We also get Disney gift cards at Office Max with a credit card that gets 5X Ultimate Rewards Points through Chase.  That is how I pay our Disney MF's, too.


----------



## AnnieBets (Feb 9, 2021)

In ordinary times, Disney would have a ticket price increase around now. Don’t know if it will happen this year, but if you know you are going, might get tickets soon just in case.


----------



## paxsarah (Feb 9, 2021)

TheHolleys87 said:


> BTW Touring Plans has a calculator that compares prices between Disney and various authorized resellers. It can be helpful when trying to decide where to buy. https://touringplans.com/walt-disney-world/ticket-calculator-disney-world-ticket-discounts.


I've used this for my past few Disney trips, and saved some money using a vendor that I wouldn't otherwise have checked. (They are all vetted by Touring Plans.)


----------



## Janann (Feb 9, 2021)

rickandcindy23 said:


> Buy gift cards and use them to buy tickets.  I believe Target still discounts gift cards.


Target's deal went away a couple years ago.


----------



## tschwa2 (Feb 9, 2021)

Janann said:


> Target's deal went away a couple years ago.


You still get 5% off with redcard but that would only be $2.50 per $50 giftcard.


----------



## Luanne (Feb 9, 2021)

Janann said:


> Target's deal went away a couple years ago.


Does Costco still have them?  Or Sam's Club?


----------



## Dean (Feb 9, 2021)

Luanne said:


> Does Costco still have them?  Or Sam's Club?


Sams has $485 for $500, roughly 3%.  Sams sometimes runs specials on gift cards like Black Friday but I don't think it included Disney.  I don't think Costco carries them and they don't show up online.  I think you'll save more through a discount site like undercover tourist than Sam's or Target.


----------



## Janann (Feb 9, 2021)

tschwa2 said:


> You still get 5% off with redcard but that would only be $2.50 per $50 giftcard.


I looked it up, you're right.  But there used to be a complicated churning thing I used to do where I would get a discounted Target gift card during Thanksgiving weekend, and then use that to buy a discounted Disney gift card.  You could use the Target gift card for the purchase as long as the Red Card was the default payment method on your account.  The loophole has been closed for a while.


----------



## paxsarah (Feb 10, 2021)

tschwa2 said:


> You still get 5% off with redcard but that would only be $2.50 per $50 giftcard.


Yes.
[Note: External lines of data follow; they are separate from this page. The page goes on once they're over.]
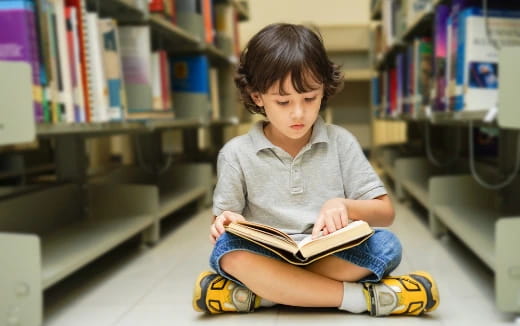 a young boy reading a book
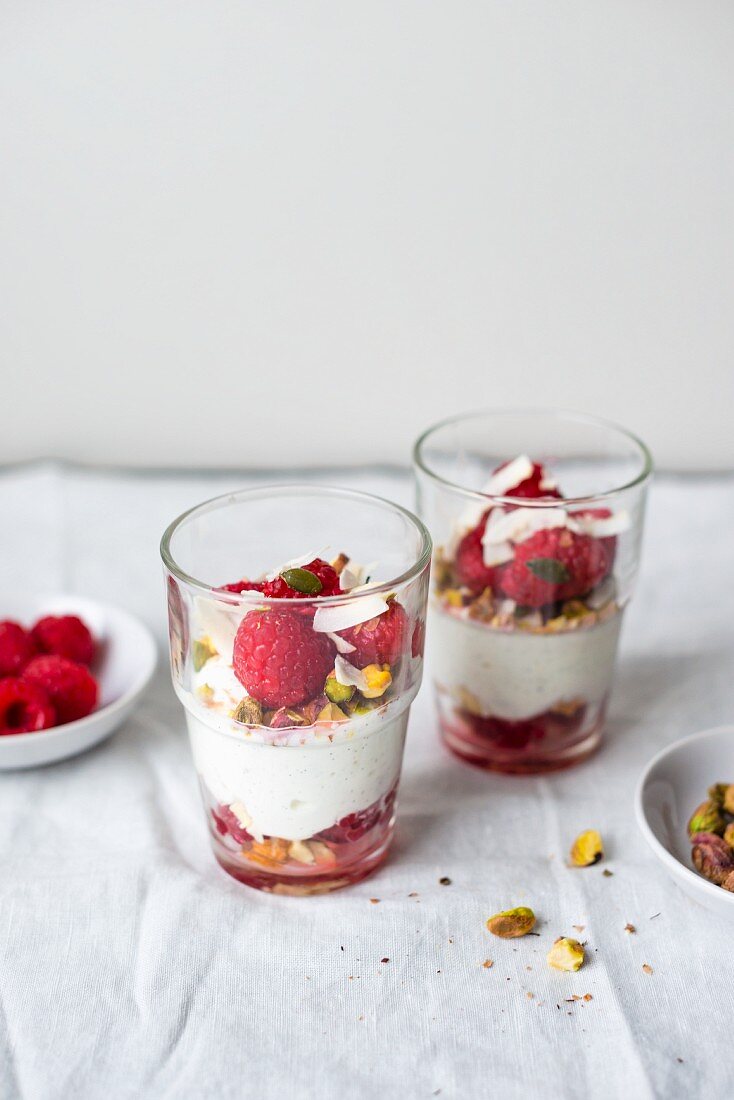 Coconut yogurt with fresh raspberries and pistachio nuts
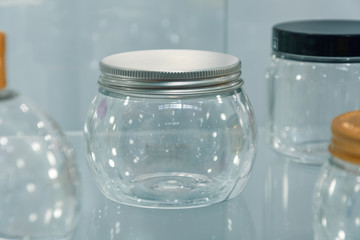 Round glass jar with a closed metal lid.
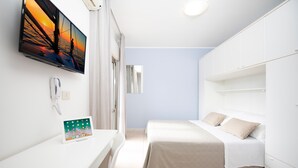 A modern hotel room with a bed, a bedside table with a tablet, a flat-screen TV on the wall, and a large mirror. - Residence Quadrifoglio (Cervia)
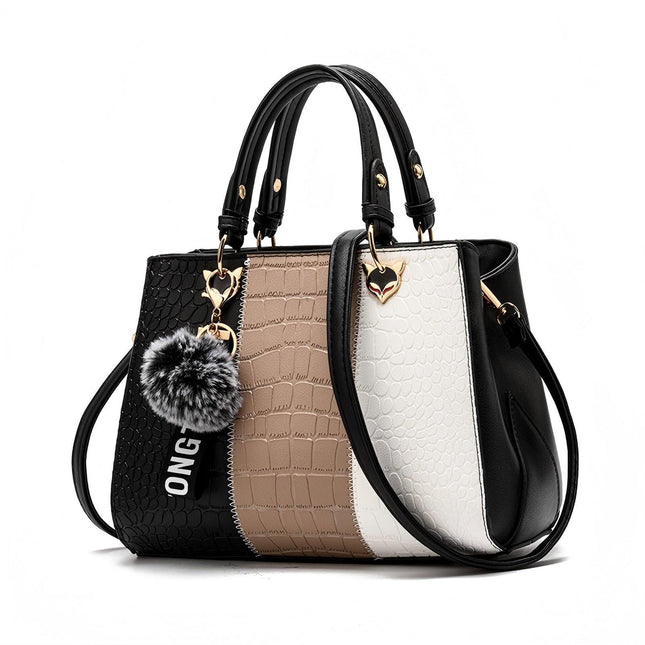 A women's handbag featuring a wave pattern with contrast colors, with a black faux leather handle and gold-tone hardware. The bag has a multicolor design and includes a decorative ball on the handle.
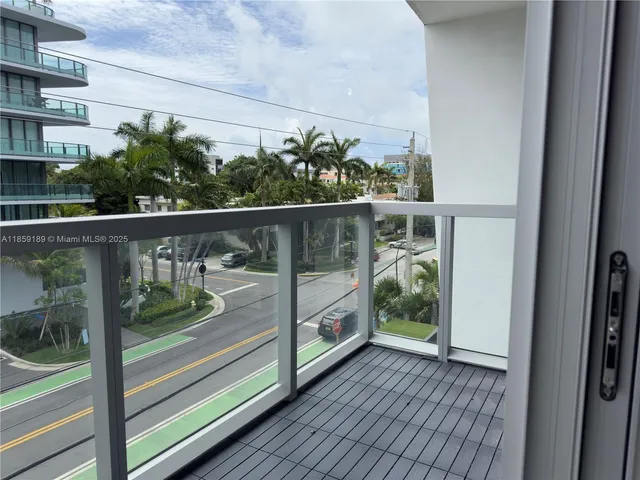 a view of a backyard with sitting area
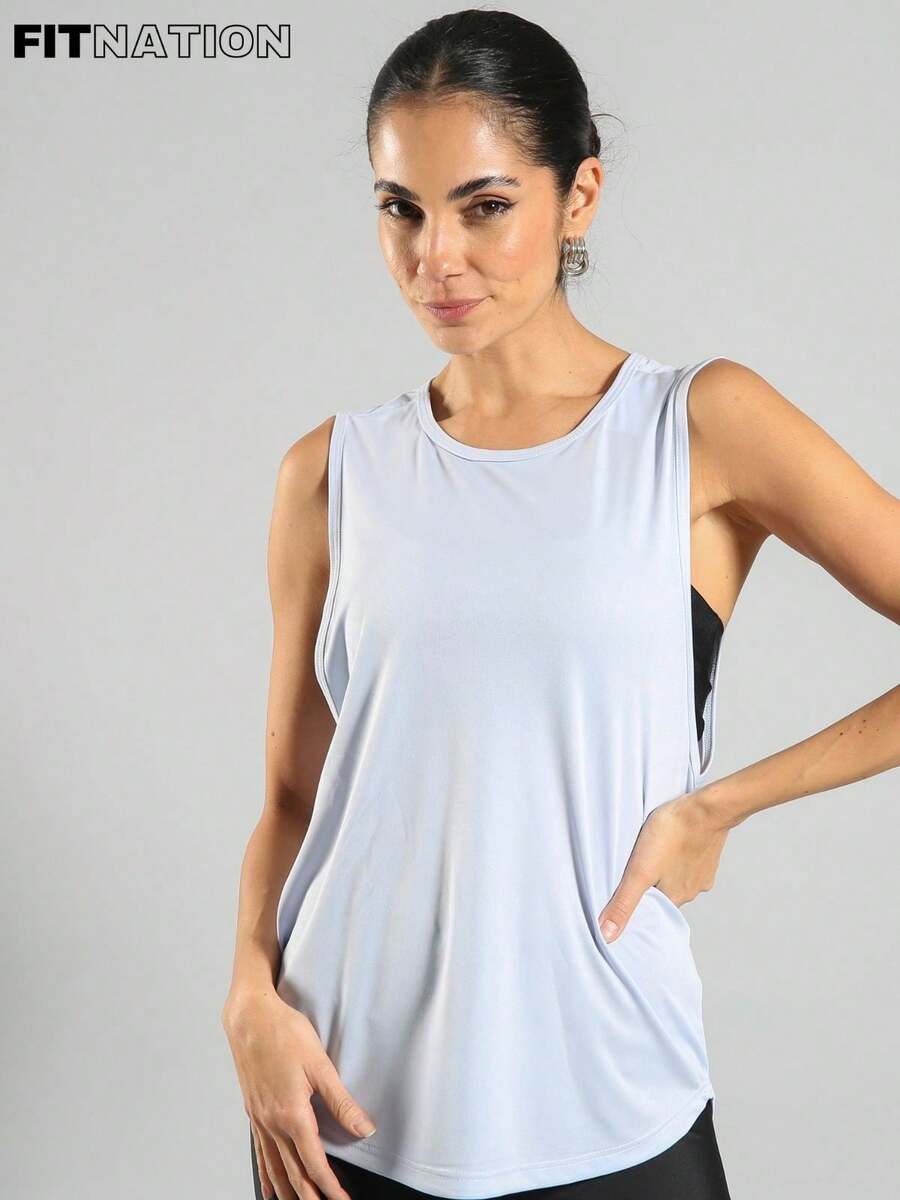 FITNATION Women's Fitness Tank Top With Elongated And Rounded Front And Back, Made From DRYFIT Technology Fabric, Ideal For The Gym. - 淺藍色 - 查看 1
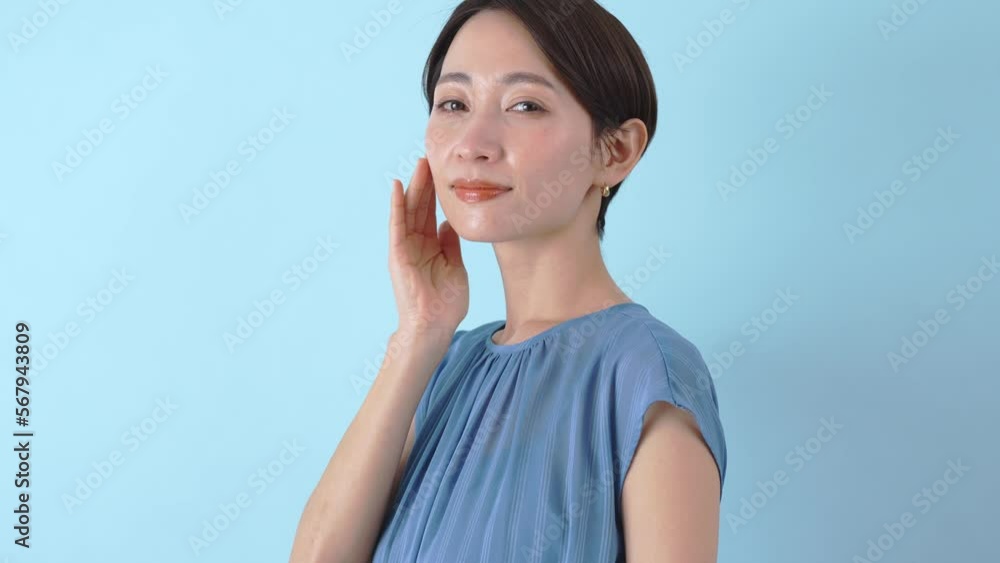 カメラ目線で笑顔で肌に触れる日本人女性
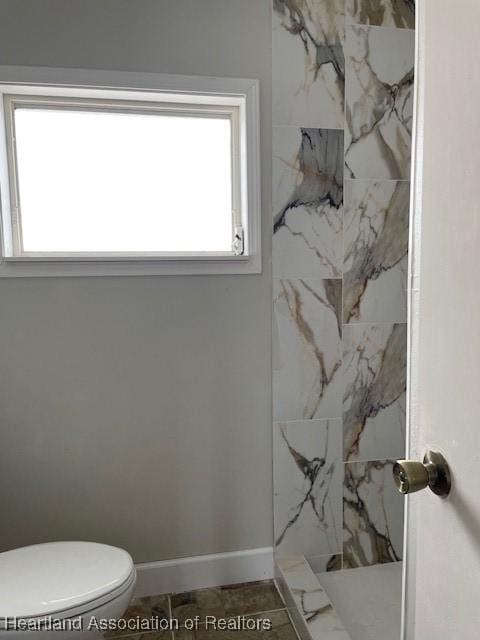 bathroom with toilet, a shower, and tile patterned floors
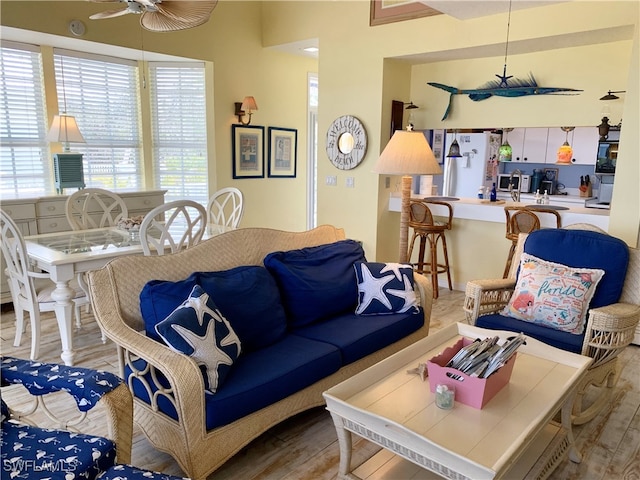 living room featuring a ceiling fan and wood finished floors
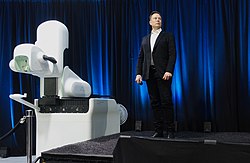 Elon Musk premiering the surgical robot that implants the Neuralink brain chip Elon Musk and the Neuralink Future.jpg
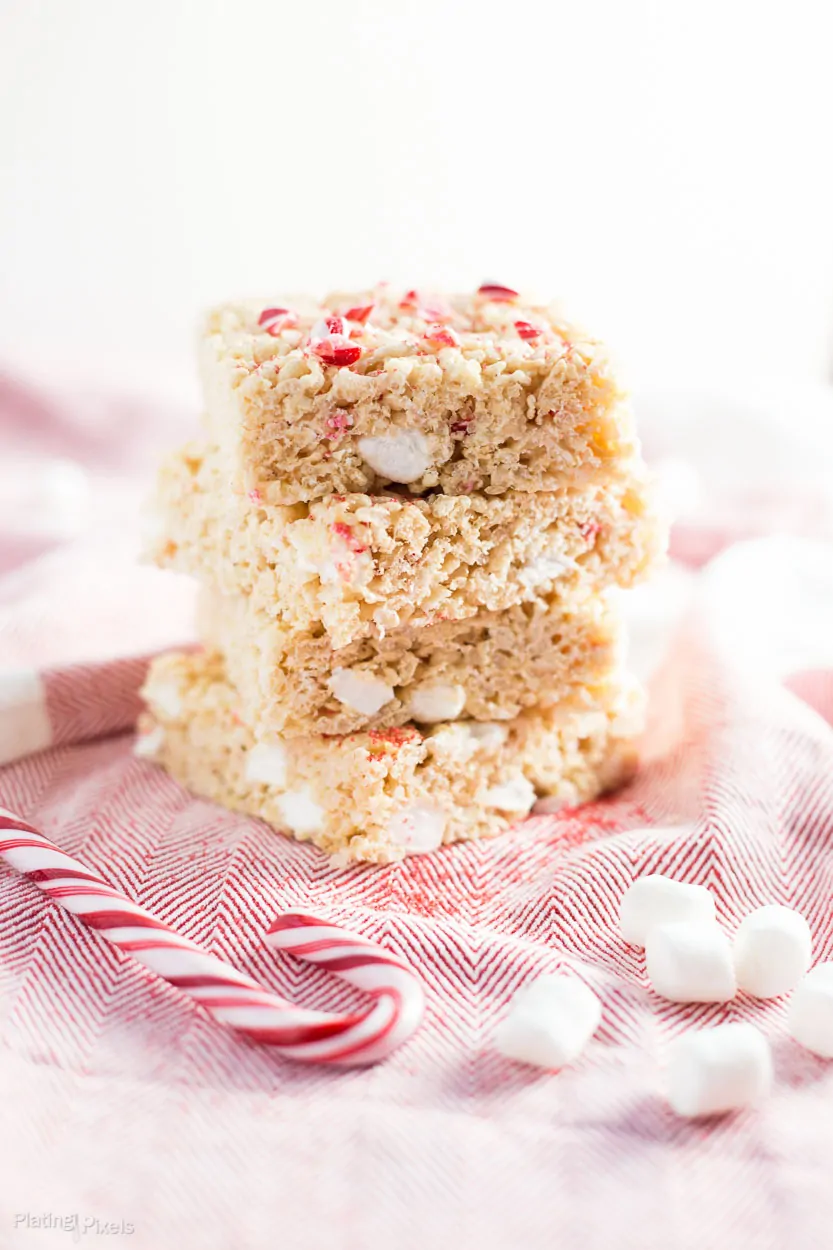 A close up of Brown Butter Peppermint Rice Krispie Treats stacked on top of each other with candy canes crushed on top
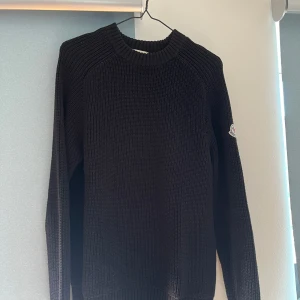 Svart stickad tröja från Moncler - Säljer en svart stickad tröja från Moncler med rund halsringning och ribbade muddar. Tröjan har lång ärm och Moncler-logga på ena ärmen. Perfekt för dig som gillar stilren och klassisk design.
As I understand it, Target still does the 5% off gift cards with redcard, but no longer allows additional coupons on gift cards or to use (ideally discounted) Target gift cards to pay for Disney gift cards (which could lead to larger discounts than the 5%). Still, if I'm buying $500 of Disney gift cards, that's $25 saved.


----------



## TheHolleys87 (Feb 11, 2021)

tschwa2 said:


> You still get 5% off with redcard but that would only be $2.50 per $50 giftcard.


Yes, but we like the ease of saving 5% - on our DVC MFs and on the meals we bought for our family of 9 at WDW in December.


----------



## rickandcindy23 (Feb 11, 2021)

I belong to a Disney Vacation Club Facebook group, one that is sponsored by Seth Nock's resale website.  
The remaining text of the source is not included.